Dataset extract ->
== Segment start ==
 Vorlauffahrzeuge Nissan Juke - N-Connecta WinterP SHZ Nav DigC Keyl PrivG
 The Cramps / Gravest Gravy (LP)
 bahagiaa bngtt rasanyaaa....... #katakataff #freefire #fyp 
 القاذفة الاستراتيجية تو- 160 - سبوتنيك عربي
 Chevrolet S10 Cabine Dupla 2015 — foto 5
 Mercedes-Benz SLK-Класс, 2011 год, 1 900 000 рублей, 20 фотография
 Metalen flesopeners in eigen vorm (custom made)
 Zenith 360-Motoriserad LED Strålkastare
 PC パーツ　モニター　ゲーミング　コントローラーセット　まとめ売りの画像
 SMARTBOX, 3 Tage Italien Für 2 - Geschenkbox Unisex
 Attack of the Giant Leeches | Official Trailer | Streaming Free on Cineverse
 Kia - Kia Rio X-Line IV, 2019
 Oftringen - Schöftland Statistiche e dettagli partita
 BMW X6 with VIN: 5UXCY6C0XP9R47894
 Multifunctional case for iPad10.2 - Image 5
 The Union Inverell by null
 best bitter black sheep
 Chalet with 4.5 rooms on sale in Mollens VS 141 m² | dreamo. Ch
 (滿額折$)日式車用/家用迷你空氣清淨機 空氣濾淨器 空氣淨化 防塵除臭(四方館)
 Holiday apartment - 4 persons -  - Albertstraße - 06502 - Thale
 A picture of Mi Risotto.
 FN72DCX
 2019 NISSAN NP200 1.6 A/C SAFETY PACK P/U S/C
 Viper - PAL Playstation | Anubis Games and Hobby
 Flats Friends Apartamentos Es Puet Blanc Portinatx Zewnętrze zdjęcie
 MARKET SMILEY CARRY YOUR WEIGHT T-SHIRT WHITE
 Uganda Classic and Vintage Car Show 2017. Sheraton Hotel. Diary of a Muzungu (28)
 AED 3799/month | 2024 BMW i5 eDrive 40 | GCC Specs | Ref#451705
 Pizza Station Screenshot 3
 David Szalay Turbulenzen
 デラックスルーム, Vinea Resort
== Segment end ==
Exercise description -> From the line containing "Chalet with 4.5" to the final line of the entries, print every line exactly and nothing else.

Expected answer ->
 Chalet with 4.5 rooms on sale in Mollens VS 141 m² | dreamo. Ch
 (滿額折$)日式車用/家用迷你空氣清淨機 空氣濾淨器 空氣淨化 防塵除臭(四方館)
 Holiday apartment - 4 persons -  - Albertstraße - 06502 - Thale
 A picture of Mi Risotto.
 FN72DCX
 2019 NISSAN NP200 1.6 A/C SAFETY PACK P/U S/C
 Viper - PAL Playstation | Anubis Games and Hobby
 Flats Friends Apartamentos Es Puet Blanc Portinatx Zewnętrze zdjęcie
 MARKET SMILEY CARRY YOUR WEIGHT T-SHIRT WHITE
 Uganda Classic and Vintage Car Show 2017. Sheraton Hotel. Diary of a Muzungu (28)
 AED 3799/month | 2024 BMW i5 eDrive 40 | GCC Specs | Ref#451705
 Pizza Station Screenshot 3
 David Szalay Turbulenzen
 デラックスルーム, Vinea Resort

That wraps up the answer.